AIM OF THE TASK = Write out exactly the lines from the one that contains "Decizia fiicei lui" down to the last line of the material below, keeping both ends and omitting pictures.

*** MATERIAL PROVIDED ***

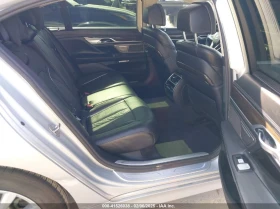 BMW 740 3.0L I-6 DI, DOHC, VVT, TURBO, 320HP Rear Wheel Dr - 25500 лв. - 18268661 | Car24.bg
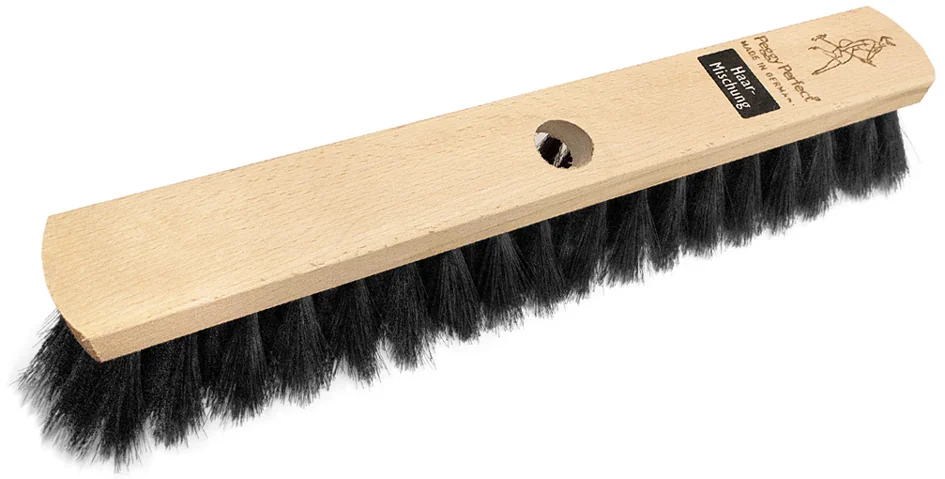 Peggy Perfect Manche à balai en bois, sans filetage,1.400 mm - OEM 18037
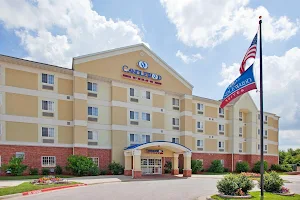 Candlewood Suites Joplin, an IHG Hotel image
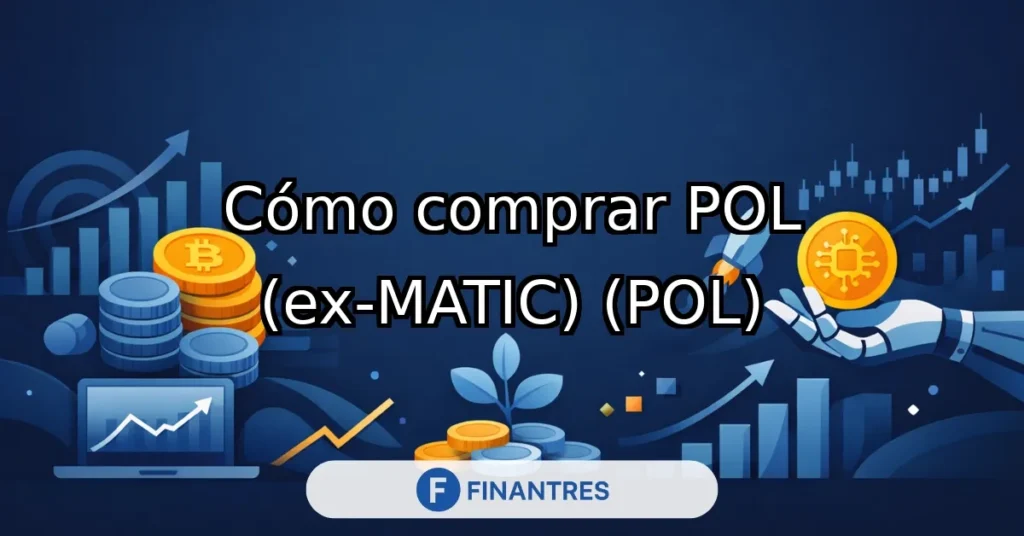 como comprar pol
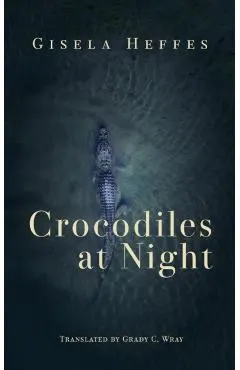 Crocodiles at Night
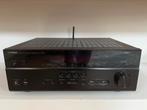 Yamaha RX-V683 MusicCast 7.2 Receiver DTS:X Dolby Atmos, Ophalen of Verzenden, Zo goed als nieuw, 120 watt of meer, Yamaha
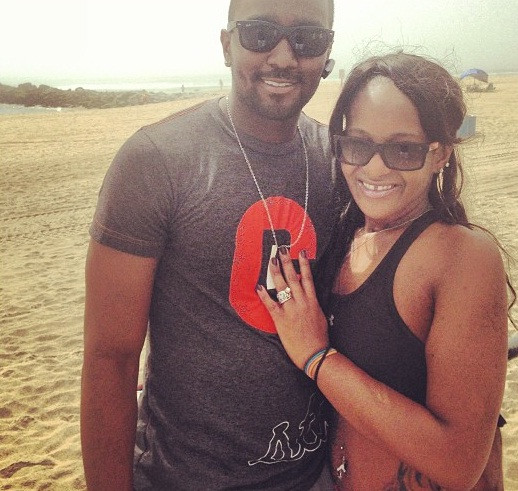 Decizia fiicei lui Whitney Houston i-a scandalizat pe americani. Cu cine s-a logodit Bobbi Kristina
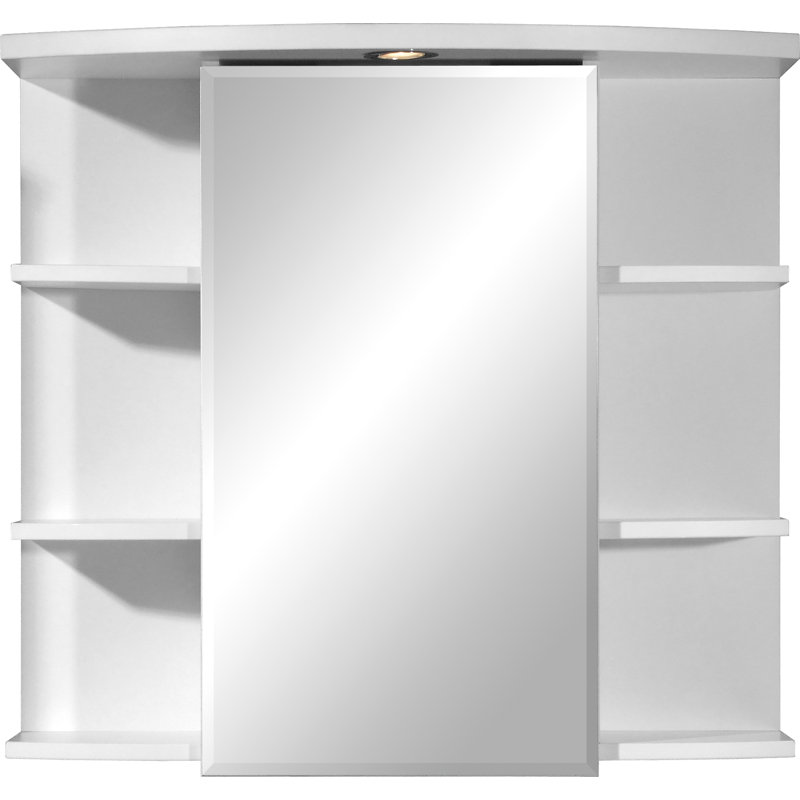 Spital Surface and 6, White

***

RESULT OF THIS EXERCISE =
 Decizia fiicei lui Whitney Houston i-a scandalizat pe americani. Cu cine s-a logodit Bobbi Kristina
 Spital Surface and 6, White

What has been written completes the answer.